> [Task]: Print the lines in the listing below that fall between the line with "Камалия с дочерьми" and the line with "Photo of property", those two lines included, exactly as they stand and with nothing else.

=== Begin Enclosure ===

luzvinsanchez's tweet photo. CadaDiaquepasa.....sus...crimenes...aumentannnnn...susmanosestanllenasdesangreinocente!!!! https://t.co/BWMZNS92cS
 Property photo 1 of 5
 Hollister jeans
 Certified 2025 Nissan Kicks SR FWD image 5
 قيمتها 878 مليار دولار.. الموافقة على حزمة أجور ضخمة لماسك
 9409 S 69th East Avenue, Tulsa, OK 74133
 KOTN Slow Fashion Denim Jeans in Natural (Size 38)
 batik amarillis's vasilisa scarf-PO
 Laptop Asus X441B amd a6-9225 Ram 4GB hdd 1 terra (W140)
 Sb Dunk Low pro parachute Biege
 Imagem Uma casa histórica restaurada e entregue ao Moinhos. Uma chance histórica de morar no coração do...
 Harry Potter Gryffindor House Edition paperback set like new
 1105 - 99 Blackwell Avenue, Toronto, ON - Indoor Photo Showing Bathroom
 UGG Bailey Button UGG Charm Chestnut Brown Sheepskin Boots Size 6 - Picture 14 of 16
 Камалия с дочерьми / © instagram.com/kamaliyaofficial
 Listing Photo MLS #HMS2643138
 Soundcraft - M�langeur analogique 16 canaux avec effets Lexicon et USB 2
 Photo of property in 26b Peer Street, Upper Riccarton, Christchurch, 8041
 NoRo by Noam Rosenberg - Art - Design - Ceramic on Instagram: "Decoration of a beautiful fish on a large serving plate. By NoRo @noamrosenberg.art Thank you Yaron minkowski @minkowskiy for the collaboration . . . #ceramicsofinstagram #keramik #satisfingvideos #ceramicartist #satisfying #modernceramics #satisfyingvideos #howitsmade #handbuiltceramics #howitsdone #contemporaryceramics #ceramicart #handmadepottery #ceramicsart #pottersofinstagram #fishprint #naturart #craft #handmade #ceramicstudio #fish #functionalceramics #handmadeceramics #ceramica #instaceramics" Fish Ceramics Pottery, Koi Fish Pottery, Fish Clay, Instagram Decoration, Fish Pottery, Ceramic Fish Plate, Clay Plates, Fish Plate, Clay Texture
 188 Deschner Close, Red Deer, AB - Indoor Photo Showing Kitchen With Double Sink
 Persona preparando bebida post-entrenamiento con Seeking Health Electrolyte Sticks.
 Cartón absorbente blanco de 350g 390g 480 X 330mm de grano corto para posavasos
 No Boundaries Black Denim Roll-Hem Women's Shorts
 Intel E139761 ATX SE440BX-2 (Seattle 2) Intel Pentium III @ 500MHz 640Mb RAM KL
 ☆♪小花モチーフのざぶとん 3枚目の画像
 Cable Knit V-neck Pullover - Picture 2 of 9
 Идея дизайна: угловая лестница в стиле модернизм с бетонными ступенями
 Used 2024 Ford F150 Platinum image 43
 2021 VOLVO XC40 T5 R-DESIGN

=== End Enclosure ===

> [Result of the task]:
 Камалия с дочерьми / © instagram.com/kamaliyaofficial
 Listing Photo MLS #HMS2643138
 Soundcraft - M�langeur analogique 16 canaux avec effets Lexicon et USB 2
 Photo of property in 26b Peer Street, Upper Riccarton, Christchurch, 8041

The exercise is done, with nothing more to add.